Submitted by Ralph Grizzle on 16 May 2010 - 3:35pm

Stavanger, Not So Far Away

When your ship calls on Stavanger, you'll arrive in the very heart of the city. Only a few steps from the gangway, and you're in the old town or at the market. Few cruise destinations deliver passengers in such close proximity to the city center.

Convenience, in fact, is the key word for Stavanger. The city in the south of Norway is not only well positioned for cruises coming from the Continent or from the British Isles but also convenient for cruise passengers who want to explore the city by foot.

With its eighteenth and nineteenth century wooden structures, Old Stavanger (Gamle Stavanger) is situated next to the city center and only a few steps away from where cruise ships dock.

Representing one of northern Europe’s best preserved wooden built neighborhoods, Gamle Stavanger features quaint, white-painted houses that are mostly residential with a few craftsmen’s workshops interspersed.

Stroll along cobblestone pedestrian streets to shop for quality Norwegian products, including replicas of Viking Age jewelry that was discovered in the region, which claims to be the "Cradle of the Vikings."

Also nearby the docks is Stavanger Domkirke (St.

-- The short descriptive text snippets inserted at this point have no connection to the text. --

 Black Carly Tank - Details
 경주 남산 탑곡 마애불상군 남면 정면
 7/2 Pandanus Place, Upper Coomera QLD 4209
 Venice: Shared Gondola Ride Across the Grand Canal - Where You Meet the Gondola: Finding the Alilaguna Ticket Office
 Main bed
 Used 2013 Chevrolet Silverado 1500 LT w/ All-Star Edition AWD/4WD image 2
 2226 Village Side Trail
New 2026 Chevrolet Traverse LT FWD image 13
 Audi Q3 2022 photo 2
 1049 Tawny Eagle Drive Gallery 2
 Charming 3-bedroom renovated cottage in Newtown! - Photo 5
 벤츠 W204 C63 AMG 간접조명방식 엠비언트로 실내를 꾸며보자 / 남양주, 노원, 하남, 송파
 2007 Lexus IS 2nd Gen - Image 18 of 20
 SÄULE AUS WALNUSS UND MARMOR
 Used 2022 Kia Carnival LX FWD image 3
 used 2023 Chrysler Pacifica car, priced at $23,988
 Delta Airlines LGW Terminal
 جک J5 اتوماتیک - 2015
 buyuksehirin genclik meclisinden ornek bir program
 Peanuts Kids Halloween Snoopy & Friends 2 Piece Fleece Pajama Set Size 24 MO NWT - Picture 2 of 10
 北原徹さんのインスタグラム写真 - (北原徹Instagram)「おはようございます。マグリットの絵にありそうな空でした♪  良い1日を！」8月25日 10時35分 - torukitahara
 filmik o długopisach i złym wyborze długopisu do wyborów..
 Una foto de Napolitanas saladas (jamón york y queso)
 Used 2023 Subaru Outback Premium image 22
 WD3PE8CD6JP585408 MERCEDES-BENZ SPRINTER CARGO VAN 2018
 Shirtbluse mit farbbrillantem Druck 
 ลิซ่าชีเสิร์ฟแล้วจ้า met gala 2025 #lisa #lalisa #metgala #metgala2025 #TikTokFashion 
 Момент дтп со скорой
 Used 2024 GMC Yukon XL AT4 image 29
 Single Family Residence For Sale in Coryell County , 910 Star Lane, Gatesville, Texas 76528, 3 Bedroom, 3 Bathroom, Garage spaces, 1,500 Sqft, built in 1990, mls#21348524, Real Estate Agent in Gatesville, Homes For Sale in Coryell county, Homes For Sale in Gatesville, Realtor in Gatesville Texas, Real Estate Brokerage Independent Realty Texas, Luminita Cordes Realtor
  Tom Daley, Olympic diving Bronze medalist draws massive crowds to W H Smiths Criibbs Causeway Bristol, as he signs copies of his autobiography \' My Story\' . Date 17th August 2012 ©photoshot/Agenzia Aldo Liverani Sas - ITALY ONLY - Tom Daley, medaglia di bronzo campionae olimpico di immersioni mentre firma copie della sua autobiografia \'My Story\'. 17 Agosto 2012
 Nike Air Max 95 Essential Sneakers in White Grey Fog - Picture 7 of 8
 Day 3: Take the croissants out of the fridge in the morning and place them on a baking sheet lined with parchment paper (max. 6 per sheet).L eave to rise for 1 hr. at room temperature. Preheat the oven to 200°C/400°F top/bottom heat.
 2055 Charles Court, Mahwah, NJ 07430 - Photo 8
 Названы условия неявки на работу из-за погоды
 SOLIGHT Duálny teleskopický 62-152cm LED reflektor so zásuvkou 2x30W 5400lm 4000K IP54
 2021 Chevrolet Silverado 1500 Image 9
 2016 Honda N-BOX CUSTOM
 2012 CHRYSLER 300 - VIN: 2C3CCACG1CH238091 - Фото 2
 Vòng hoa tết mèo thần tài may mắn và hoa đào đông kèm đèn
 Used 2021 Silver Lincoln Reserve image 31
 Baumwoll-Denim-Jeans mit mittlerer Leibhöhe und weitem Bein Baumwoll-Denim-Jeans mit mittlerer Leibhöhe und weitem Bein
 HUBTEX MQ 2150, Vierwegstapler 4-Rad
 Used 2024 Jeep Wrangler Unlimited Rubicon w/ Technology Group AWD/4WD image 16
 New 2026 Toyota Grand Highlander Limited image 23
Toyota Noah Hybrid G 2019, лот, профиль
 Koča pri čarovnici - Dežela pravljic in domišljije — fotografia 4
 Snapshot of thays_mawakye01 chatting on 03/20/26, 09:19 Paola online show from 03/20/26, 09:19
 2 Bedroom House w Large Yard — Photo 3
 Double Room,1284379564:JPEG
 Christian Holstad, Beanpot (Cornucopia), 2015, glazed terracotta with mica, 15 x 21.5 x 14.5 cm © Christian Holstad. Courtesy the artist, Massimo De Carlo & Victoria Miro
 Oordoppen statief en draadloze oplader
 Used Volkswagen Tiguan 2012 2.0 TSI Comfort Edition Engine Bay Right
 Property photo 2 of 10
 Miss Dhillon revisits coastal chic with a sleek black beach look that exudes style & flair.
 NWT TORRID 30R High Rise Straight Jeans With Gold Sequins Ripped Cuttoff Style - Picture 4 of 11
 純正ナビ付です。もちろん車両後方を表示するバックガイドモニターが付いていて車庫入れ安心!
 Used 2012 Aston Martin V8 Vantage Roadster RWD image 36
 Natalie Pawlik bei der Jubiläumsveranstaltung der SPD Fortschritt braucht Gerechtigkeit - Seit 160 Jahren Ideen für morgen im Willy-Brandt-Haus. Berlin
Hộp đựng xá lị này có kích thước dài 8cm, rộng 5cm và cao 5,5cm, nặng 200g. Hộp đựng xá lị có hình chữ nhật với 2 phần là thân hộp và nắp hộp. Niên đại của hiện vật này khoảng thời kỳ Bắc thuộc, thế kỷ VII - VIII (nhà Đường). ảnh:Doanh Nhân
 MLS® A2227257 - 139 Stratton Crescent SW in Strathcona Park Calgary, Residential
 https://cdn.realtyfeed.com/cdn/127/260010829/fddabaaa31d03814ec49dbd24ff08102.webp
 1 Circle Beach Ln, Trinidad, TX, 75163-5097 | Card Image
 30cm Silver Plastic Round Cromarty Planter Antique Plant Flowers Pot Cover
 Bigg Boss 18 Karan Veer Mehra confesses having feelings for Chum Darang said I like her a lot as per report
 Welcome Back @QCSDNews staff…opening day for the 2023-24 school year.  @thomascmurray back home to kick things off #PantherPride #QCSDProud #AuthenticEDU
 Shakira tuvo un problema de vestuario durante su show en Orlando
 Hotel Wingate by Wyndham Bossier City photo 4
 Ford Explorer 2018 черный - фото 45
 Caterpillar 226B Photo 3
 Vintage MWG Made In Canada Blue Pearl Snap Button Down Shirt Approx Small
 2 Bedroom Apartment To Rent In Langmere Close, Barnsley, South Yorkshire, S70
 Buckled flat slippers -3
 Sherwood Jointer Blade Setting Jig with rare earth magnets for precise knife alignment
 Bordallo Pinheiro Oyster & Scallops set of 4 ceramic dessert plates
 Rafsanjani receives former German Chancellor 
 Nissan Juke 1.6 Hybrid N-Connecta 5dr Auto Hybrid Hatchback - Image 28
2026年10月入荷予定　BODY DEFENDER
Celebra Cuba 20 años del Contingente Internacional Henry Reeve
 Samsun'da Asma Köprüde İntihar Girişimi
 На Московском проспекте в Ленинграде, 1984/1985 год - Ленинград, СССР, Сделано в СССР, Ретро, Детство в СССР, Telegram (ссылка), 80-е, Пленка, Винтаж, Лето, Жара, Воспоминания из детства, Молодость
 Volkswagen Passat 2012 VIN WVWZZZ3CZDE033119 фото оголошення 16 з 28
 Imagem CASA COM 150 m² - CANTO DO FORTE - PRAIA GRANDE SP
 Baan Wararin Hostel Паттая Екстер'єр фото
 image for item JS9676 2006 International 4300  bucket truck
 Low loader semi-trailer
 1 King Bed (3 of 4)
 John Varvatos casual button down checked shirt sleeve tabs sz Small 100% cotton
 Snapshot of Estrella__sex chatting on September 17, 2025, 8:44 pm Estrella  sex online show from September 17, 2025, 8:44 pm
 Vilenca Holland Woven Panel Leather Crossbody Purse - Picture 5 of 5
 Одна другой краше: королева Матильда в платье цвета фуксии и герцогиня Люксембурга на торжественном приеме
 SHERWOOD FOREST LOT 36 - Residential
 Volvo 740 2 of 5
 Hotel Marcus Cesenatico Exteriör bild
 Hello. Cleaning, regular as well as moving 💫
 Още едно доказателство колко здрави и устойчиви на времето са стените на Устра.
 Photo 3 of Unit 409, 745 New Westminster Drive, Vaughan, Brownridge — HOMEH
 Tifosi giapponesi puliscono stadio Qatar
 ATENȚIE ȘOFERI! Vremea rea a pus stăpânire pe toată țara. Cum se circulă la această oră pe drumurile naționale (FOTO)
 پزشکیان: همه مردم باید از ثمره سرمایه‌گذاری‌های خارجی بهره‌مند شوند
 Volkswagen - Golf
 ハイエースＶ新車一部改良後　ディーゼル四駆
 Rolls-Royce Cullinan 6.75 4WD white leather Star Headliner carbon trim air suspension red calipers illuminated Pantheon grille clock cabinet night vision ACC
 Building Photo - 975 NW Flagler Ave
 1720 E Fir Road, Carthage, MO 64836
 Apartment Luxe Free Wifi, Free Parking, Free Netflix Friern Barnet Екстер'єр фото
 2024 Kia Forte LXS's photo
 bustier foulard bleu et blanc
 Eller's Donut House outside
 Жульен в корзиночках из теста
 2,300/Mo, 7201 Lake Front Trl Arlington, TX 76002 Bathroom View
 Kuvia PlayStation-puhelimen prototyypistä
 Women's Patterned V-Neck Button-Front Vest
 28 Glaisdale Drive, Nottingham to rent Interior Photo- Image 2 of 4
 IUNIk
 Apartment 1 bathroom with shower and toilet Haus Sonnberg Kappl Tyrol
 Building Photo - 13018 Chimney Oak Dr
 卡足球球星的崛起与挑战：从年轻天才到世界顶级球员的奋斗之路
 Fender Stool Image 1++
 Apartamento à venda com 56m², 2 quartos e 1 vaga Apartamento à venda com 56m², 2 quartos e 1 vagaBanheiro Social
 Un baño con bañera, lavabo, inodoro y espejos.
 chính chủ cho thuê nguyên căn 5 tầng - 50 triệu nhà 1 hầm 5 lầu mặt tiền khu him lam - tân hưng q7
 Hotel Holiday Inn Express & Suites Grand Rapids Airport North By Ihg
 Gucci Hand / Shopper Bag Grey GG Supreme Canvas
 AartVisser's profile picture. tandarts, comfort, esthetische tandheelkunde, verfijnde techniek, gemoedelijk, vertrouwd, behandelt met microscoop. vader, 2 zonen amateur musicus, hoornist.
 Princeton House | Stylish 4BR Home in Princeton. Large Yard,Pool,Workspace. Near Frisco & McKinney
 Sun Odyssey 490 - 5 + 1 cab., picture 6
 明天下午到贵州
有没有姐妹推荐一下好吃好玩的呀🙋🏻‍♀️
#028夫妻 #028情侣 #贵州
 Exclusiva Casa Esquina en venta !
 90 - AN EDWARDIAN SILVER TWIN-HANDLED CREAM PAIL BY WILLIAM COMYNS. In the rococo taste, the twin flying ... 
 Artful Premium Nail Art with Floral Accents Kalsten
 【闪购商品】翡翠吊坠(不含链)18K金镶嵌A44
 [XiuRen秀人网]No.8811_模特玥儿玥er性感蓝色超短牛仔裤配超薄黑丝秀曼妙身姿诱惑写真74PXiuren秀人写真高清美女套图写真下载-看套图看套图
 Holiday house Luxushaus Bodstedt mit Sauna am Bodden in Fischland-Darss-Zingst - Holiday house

Svithun's Cathedral), which was built around 1125 in Anglo-Norman style.

Stavanger also has a number of museums worthy of visit:

  • The Canning Museum demonstrates not only how the renowned local sardines were smoked and canned during the "brisling-boom" but also allows visitors to try their hands at the process.
  • The Maritime Museum, an old wharf, shows the town’s history, including the mass emigration to America.
  • The Archaeological Museum illustrates 15,000 years of cultural heritage.
  • Stavanger Oil Museum shows the start and development of the oil adventure in the North Sea and what the book has meant to Stavanger – Norway's oil capital.

Venture outside the city center to admire the landscape of Norway's west coast, with its green rolling hills backed by stark majestic mountains, waterfalls, rivers and miles of sandy beaches.

An excursions by modern boat takes cruise passengers to Lysefjorden, famous for the "Preikestolen" or Pulpit Rock , which towers 1968 feet above the fjord and Kjerag.